Opec has flexible output target in its production deal to counter rising crude supplies
Opec has a flexible target under its oil-cuts agreement that allows output to rise as much as 500,000 barrels a day higher than the previously announced ceiling, according to the group’s Secretary-General Mohammad Barkindo.
Under its agreement, the Organisation of Petroleum Exporting Countries can collectively pump from 32.5 million to 33 million barrels a day to accommodate “future supply developments,” Barkindo said on Wednesday at a conference in Istanbul. He didn’t elaborate on such future developments.
Opec agreed in November to reduce output by 1.2 million barrels a day to 32.5 million starting on January 1 to clear a global glut. Other producers including Russia joined the deal, which was extended through March 2018.
Their global accord faced “headwinds” in the first quarter and didn’t cause crude stockpiles to decline fast enough, Barkindo said.
The current market downturn is lasting longer than previous slumps, due largely to 700,000 to 800,000 barrels a day of additional supply from the US, he said.
Crude slid into a bear market last month amid concerns that the cutbacks by Opec and allied producers are being partially offset by a rebound in supply from Opec members Libya and Nigeria and by US shale output.
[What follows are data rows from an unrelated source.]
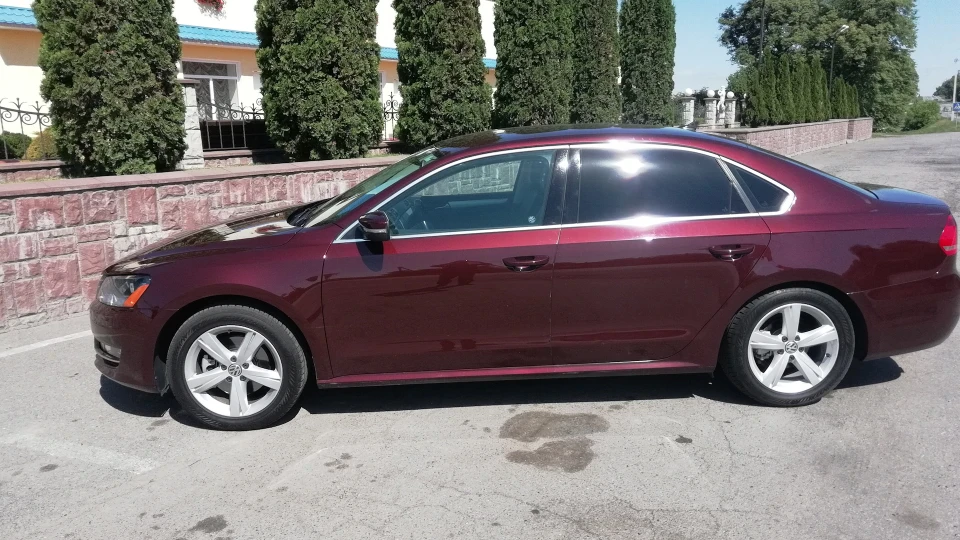 Volkswagen Passat US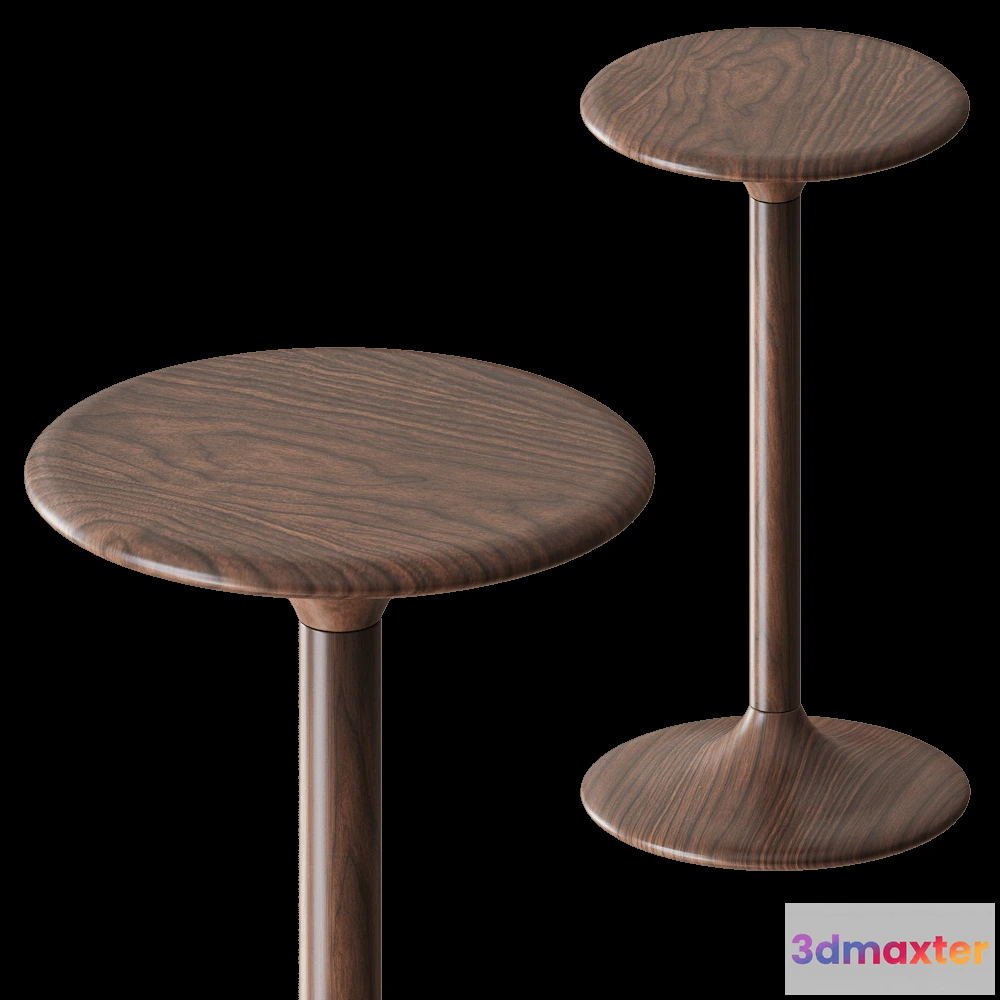 1639820 - Pacini & Cappellini  - Side table HENRY 3D Max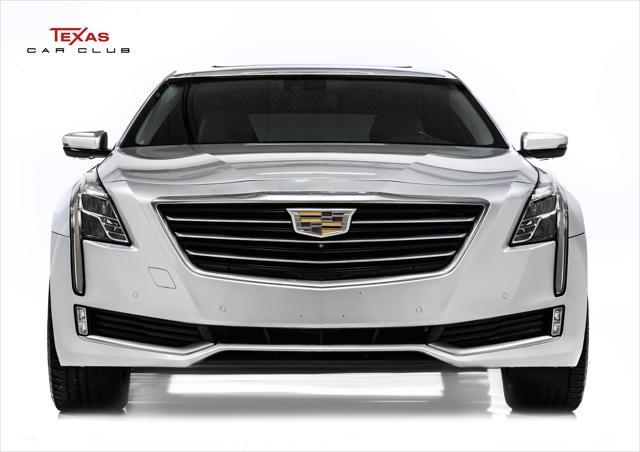 used 2017 Cadillac CT6 car, priced at $22,095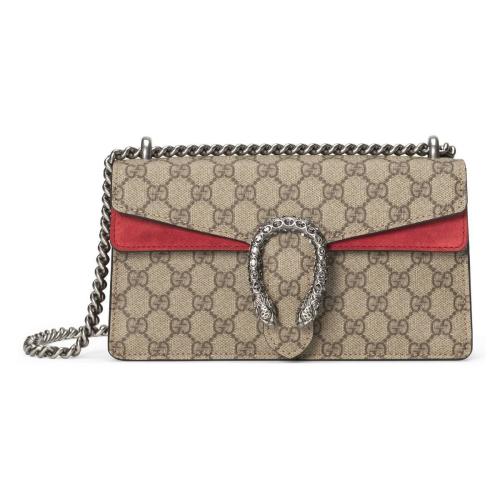  GUCCI古驰 22年秋冬 女士 Dionysus系列GG小号肩背包 499623 92TJN 8677 预定商品2-6周发货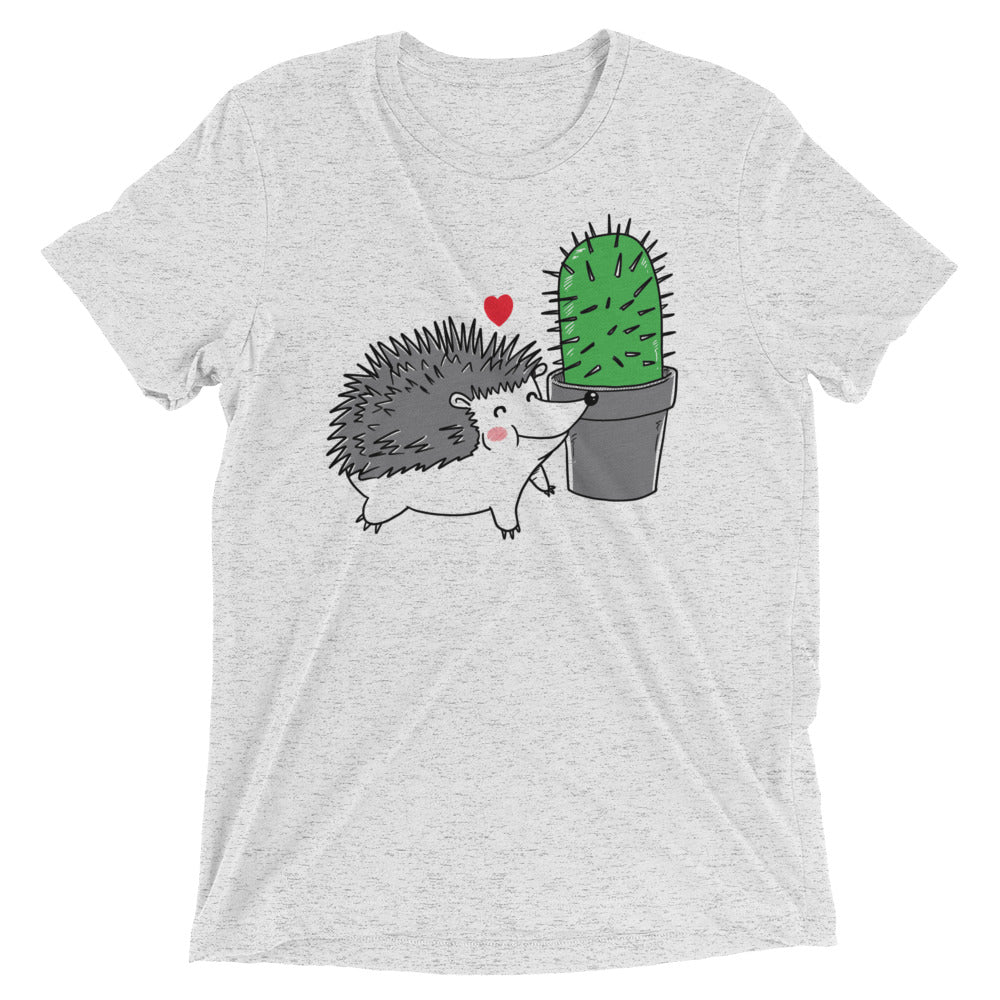 Prickly Love Men's Tri-Blend Tee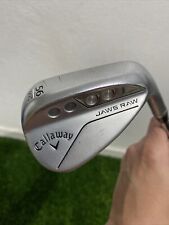 Callaway Golf  Jaws Raw 56-10S Sand Wedge RH Tour Issue 115 VSS DG Steel Shafted, used for sale  Shipping to South Africa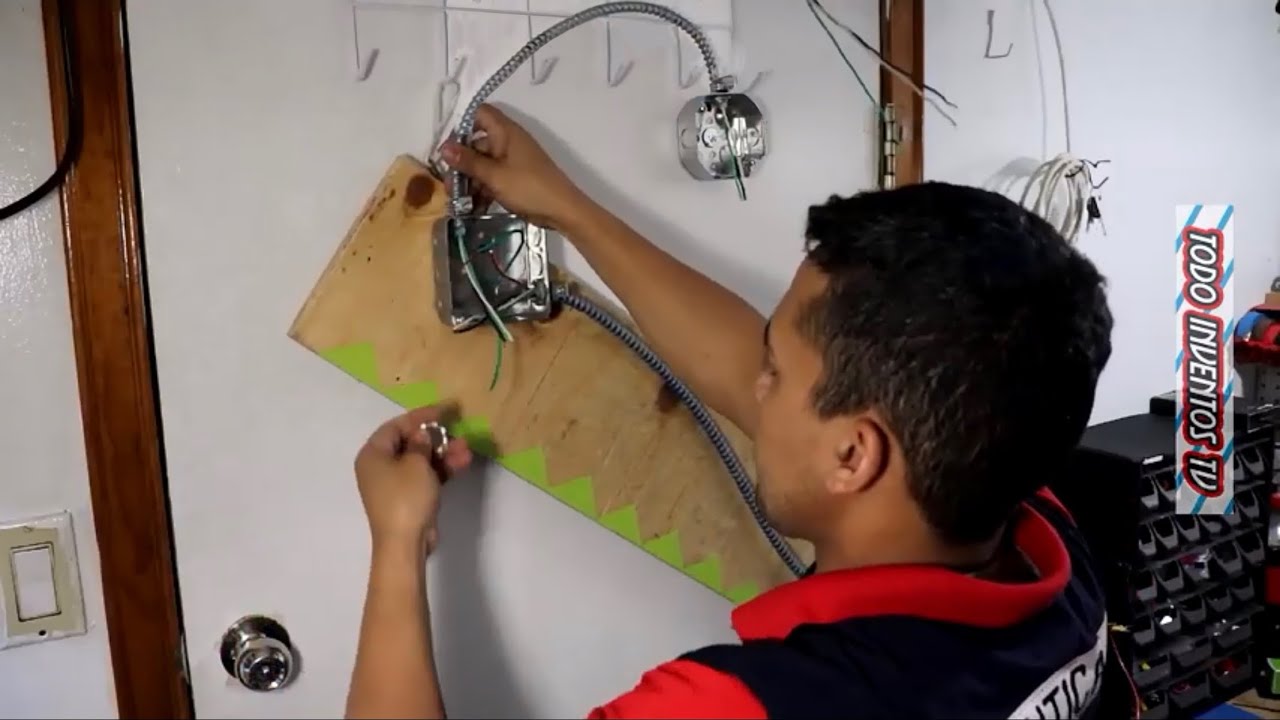 apagador de escalera - 3 way switch - básico de electricidad en new york @todoinventostv #113 shorts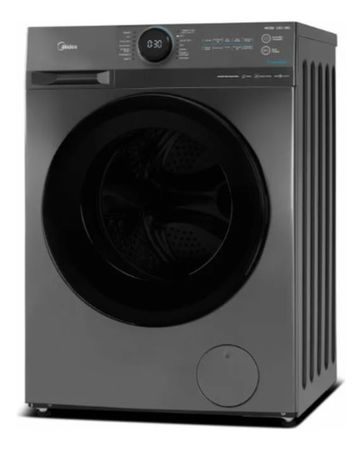 MIDEA LAVASECARROPA MF-200D120B/T FRONTAL 12.8K 1000RPM INVERTER SMART INOX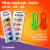 Imagem do Pilha Alcalina LR41 Elgin Bateria 192 kit 30 unidades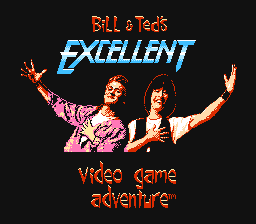 Bill & Ted's Excellent Video Game Adventure (U) [!]-video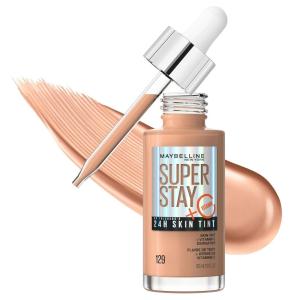 imageMaybelline Super Stay Up to 24HR Skin Tint Radiant LighttoMedium Coverage Foundation Makeup Infused With Vitamin C 310 1 Count129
Libya and Nigeria were both exempt from the cuts due to their internal strife.
Brent crude, an international benchmark, has dropped 15 per cent this year and was trading on Wednesday at US$48.13 a barrel.
Libya and Nigeria may be asked to cap their output soon in an effort to help rebalance the market, Kuwaiti Oil Minister Issam Almarzooq said on Monday at the same event. Both African nations are expected to send representatives to the next meeting of the Opec and non-Opec Joint Technical Committee, on July 22 in Russia, Barkindo said.